Description
Perennial began as a series of guitar, keyboard, and drum loops created by Woods' frontman Jeremy Earl, serving as a form of winter night meditation. These loops became the foundation for a new collaborative songwriting process. Earl, along with bandmates Jarvis Taveniere and John Andrews, initially gathered at Earl’s house in New York before heading to Panoramic House studio in Stinson Beach, California—the same place where 2020's Strange To Explain was recorded. With the Pacific Ocean as a backdrop, the band jammed over Earl’s loops, experimenting by switching instruments and creating dozens of musical fragments.

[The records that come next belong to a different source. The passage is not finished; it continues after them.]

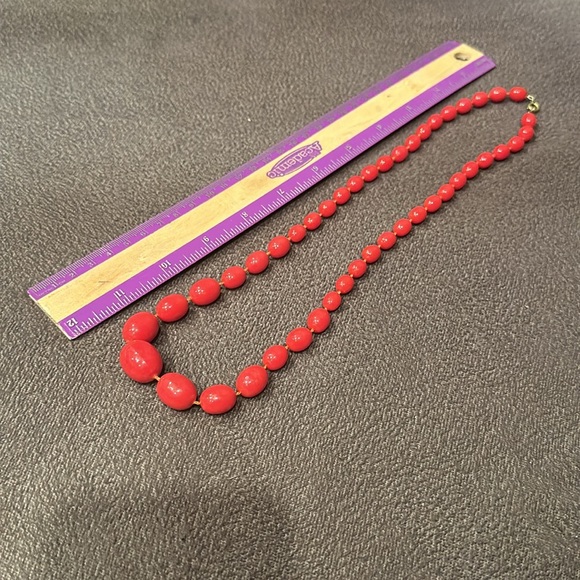 Lot 6 beaded necklaces.The small white with navy blue beads is more of a choker. - Picture 6 of 6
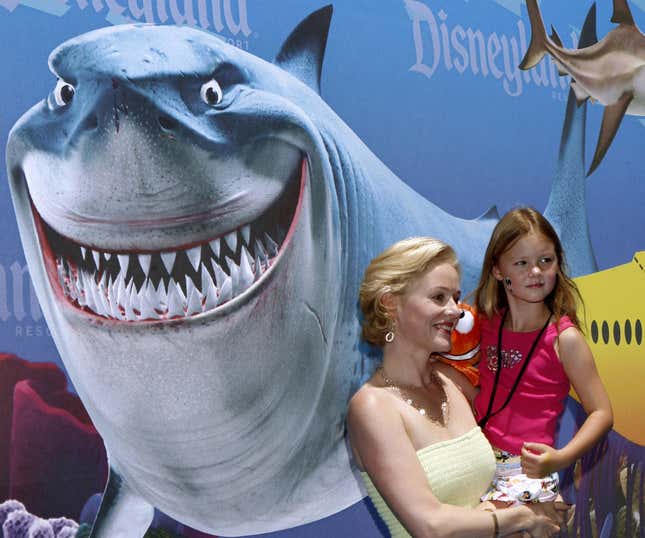 Actress Penelope Ann Miller and her daughter Eloisa pose as celebrities and their kids arrive for a preview of the new "Finding Nemo Submarine Voyage" attraction at Disneyland in Anaheim, California, June 10, 2007. REUTERS/Mark Avery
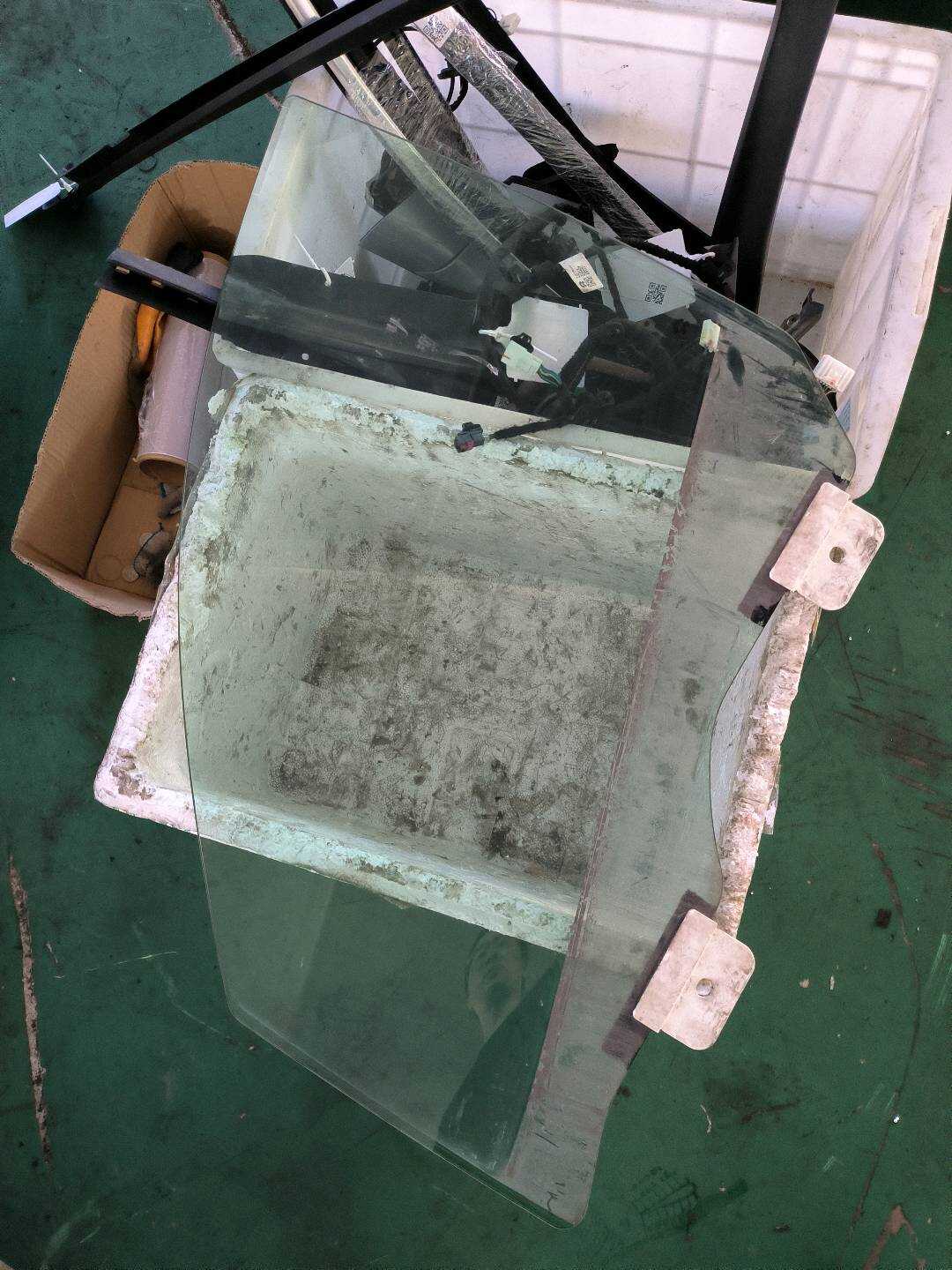 P0007836AF 前门玻璃总成 - 左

The result is 11 tracks, 4 of which are instrumental, that stay true to Woods' signature style—shimmering, familiar, yet slightly unsettling—but with Earl’s loops subtly bubbling underneath like an unseen, mysterious current. Each loop grows into something unexpected: the aching pop of “Little Black Flowers,” the ecstatic starlit groove of “Another Side,” and the Mellotron-driven dreamscape of “Between the Past.” Whether far-out or just plain comforting, tracks like the instrumental “White Winter Melody,” accented by Connor Gallaher’s pedal steel, feel like a widescreen snow globe fantasy.
And let’s be honest—Perennial is 2023’s hipster parent masterpiece. Equal parts far-out psychedelia and cozy folk, it’s the soundtrack for those who want to rock a toddler to sleep while contemplating the cosmic. Hold my beer.